I find it interesting that you can show the precision of a column heater by monitoring the variation in retention time for some chemical probe.

I wonder what upper and lower limits of temperature give you k' values from 0.9 to 1.8 in your method, all else being equal. If I recall correctly a rule of thumb is approximately 1% change in RT for a 1°C change in temperature, so this looks like quite a wide working range.

I would expect that temperature accuracy and precision would be better demonstrated using a certified thermocouple. With all the other variables in any particular HPLC methodology I don't see how retention time variation can be attributed to temperature alone.
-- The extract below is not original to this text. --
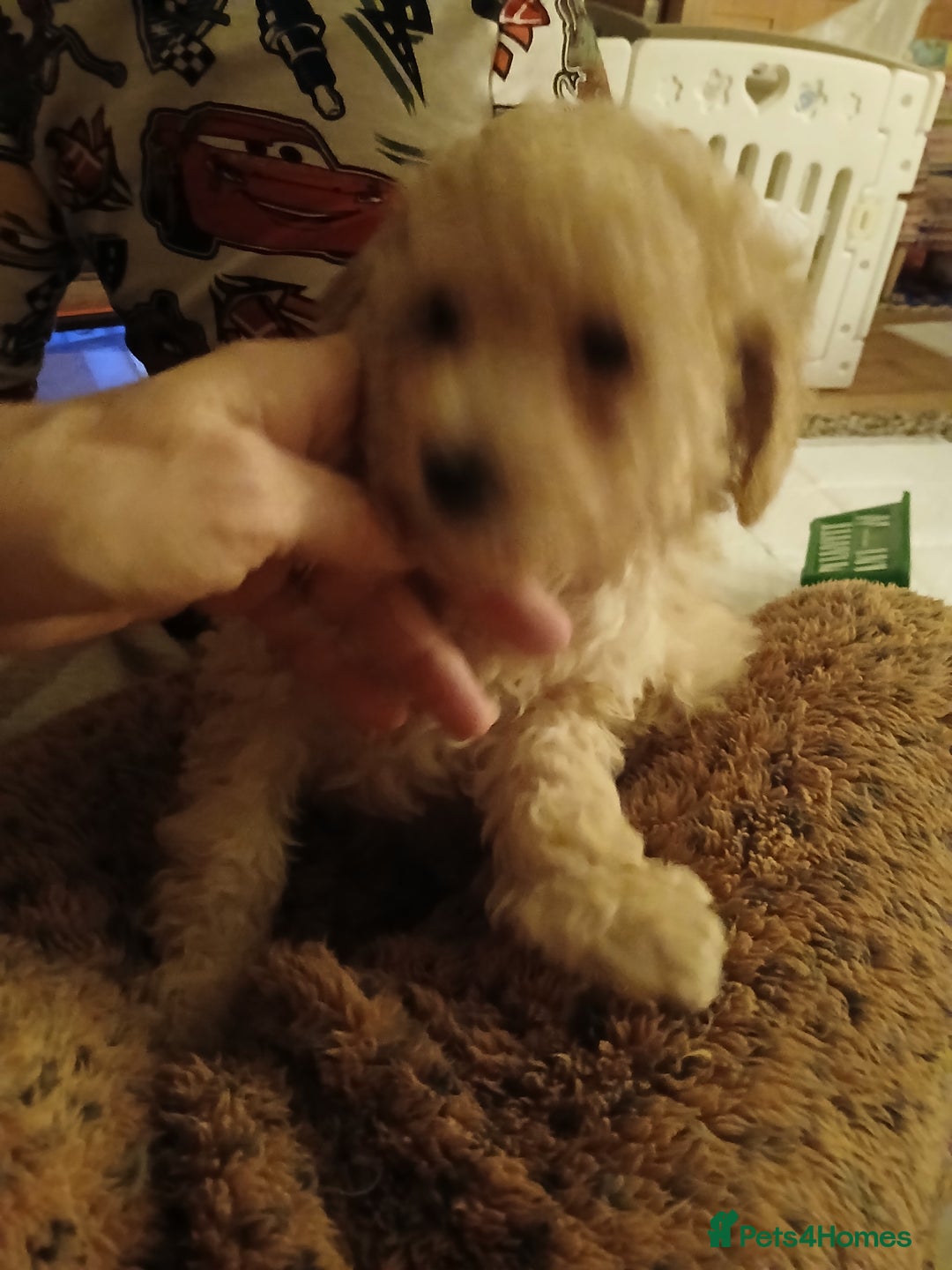 Maltipoo dogs for sale: Maltypoo pups - Advert 28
you experiment is interesting.

for it to be anything close to valid, does it show the translation of the K' value to temperature values?
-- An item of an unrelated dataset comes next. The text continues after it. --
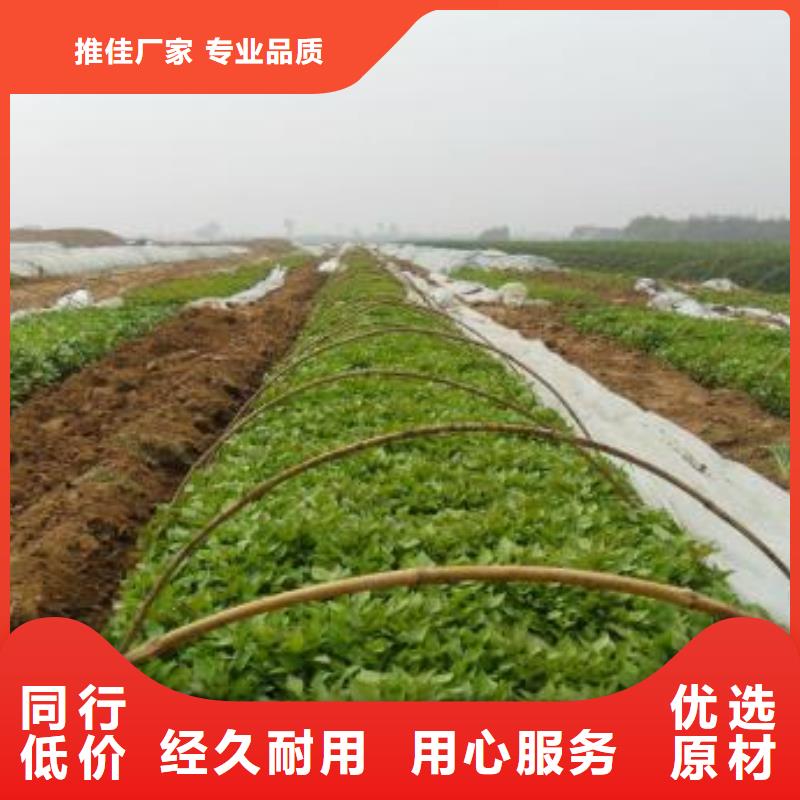 紫薯苗厂家价格是多少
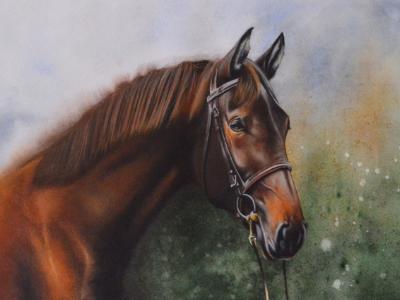 The beauty of the English Pure Blood horse, 38cm x 56cm, 2021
Maybe it is just a misnomer for a test of temp. on retention time?

This looks like the test for temperature accuracy from Waters.
I think waters allows 5°C deviation from the set temperature, so this is also a large range.

One can verify the trueness of the test by setting the temperatures, verify by an external temperature probe and inject. Do this for 30°C, 35°C, 40°C, 45°C and 50°C and you know wether the test is correct or not.
(And please let us know)

All the best

Ace

This is simply a van't Hoff plot (lnk vs 1/T). In most cases pure reversed phase separations will give a linear relationship, so one can indeed calculate temperature from retention factors.
This relationship can become very significant if the samples undergoes a structural change at a certain temperature. Denaturing HPLC (dHPLC) is such a case where separation temperature control down to 0.1 or 0.2°C becomes necessary.